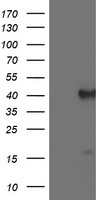 HEK293T cells were transfected with the pCMV6-ENTRY control (Left lane) or pCMV6-ENTRY PECI (Right lane) cDNA for 48 hrs and lysed. Equivalent amounts of cell lysates (5 ug per lane) were separated by SDS-PAGE and immunoblotted with anti-PECI.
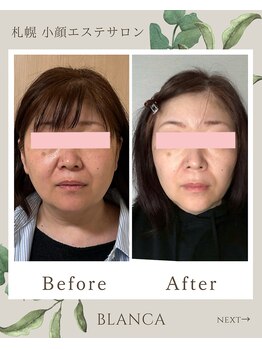 ブランカ(BLANCA)/小顔セラピアビフォーアフター
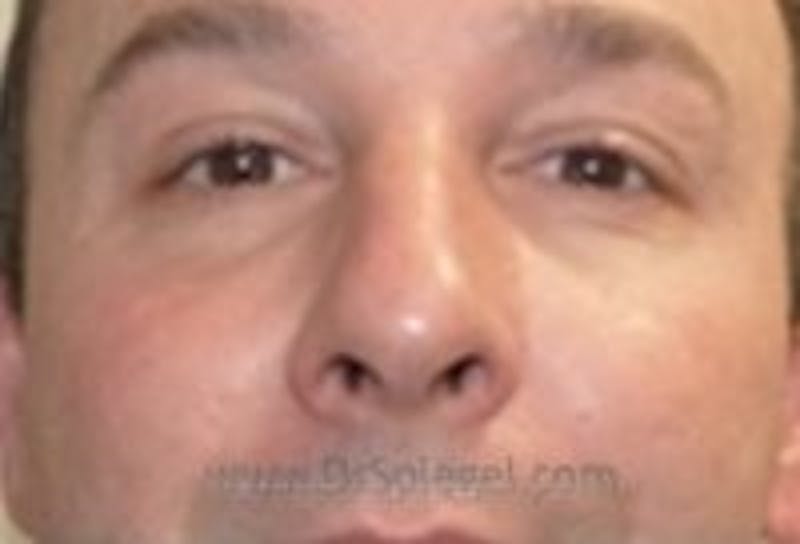 Tear Trough / Under Eye Fillers Before & After Gallery - Patient 273528 - Image 2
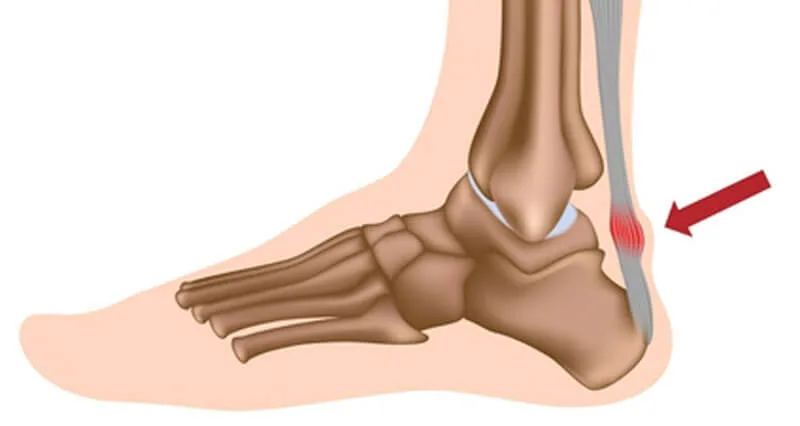 Achilles injuries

**AIM OF THE EXERCISE**
Begin at the line containing "ブランカ(BLANCA)/小顔セラピアビフォーアフター" and restate exactly every line through the end of the material, skipping the pictures.

**REPLY TO THE EXERCISE**
 ブランカ(BLANCA)/小顔セラピアビフォーアフター
 Tear Trough / Under Eye Fillers Before & After Gallery - Patient 273528 - Image 2
 Achilles injuries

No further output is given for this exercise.